Global Economy Expert

Timothy Taylor is an American economist. He is managing editor of the Journal of Economic Perspectives, a quarterly academic journal produced at Macalester College and published by the American Economic Association. Taylor received his Bachelor of Arts degree from Haverford College and a master's degree in economics from Stanford University. At Stanford, he was winner of the award for excellent teaching in a large class (more than 30 students) given by the Associated Students of Stanford University. At Minnesota, he was named a Distinguished Lecturer by the Department of Economics and voted Teacher of the Year by the master's degree students at the Hubert H. Humphrey Institute of Public Affairs. Taylor has been a guest speaker for groups of teachers of high school economics, visiting diplomats from eastern Europe, talk-radio shows, and community groups. From 1989 to 1997, Professor Taylor wrote an economics opinion column for the San Jose Mercury-News. He has published multiple lectures on economics through The Teaching Company.
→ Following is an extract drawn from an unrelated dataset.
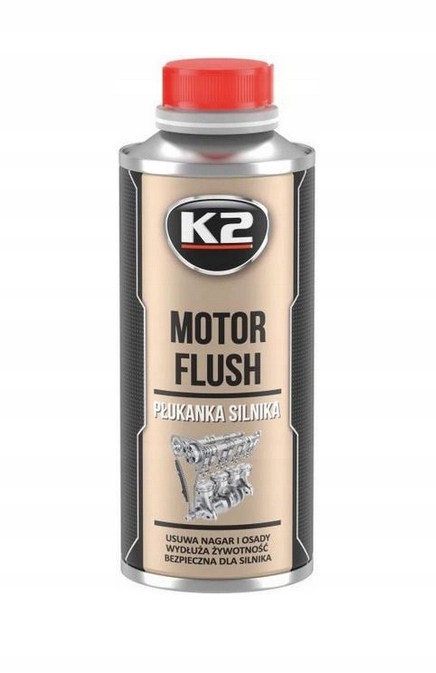 

K2 Motor Flush Płukanka Do Silnika Czyści 250 ML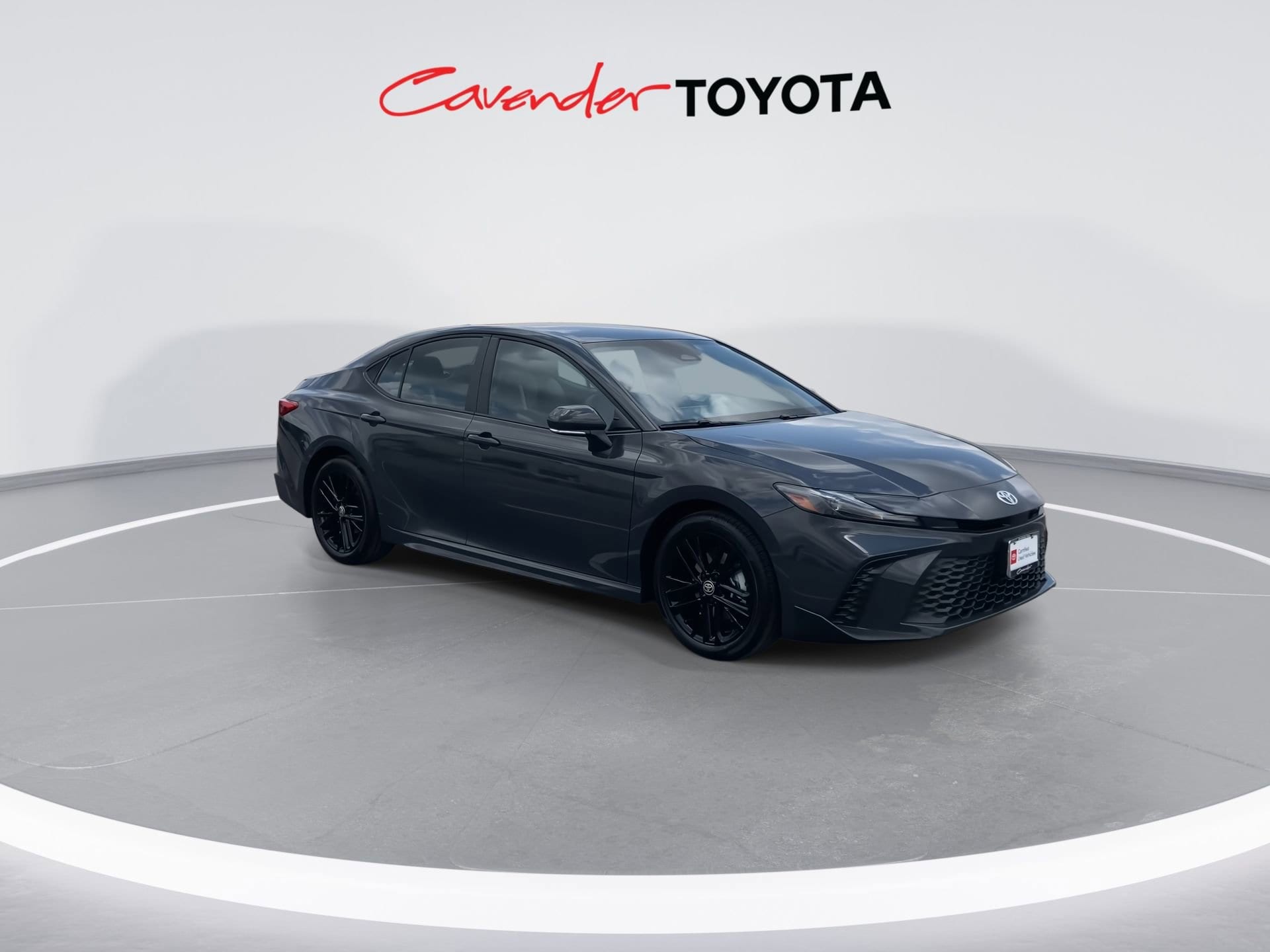 Certified 2025 Toyota Camry SE with VIN 4T1DAACK5SU143826 for sale in San Antonio, TX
With Rudolph Penner and Isabel Sawhill, he is co-author of Updating America's Social Contract (2000), whose first chapter provided an early radical centrist perspective, "An Agenda for the Radical Middle". Taylor is also the author of The Instant Economist: Everything You Need to Know About How the Economy Works, published by the Penguin Group in 2012. The fourth edition of Taylor's Principles of Economics textbook was published by Textbook Media in 2017.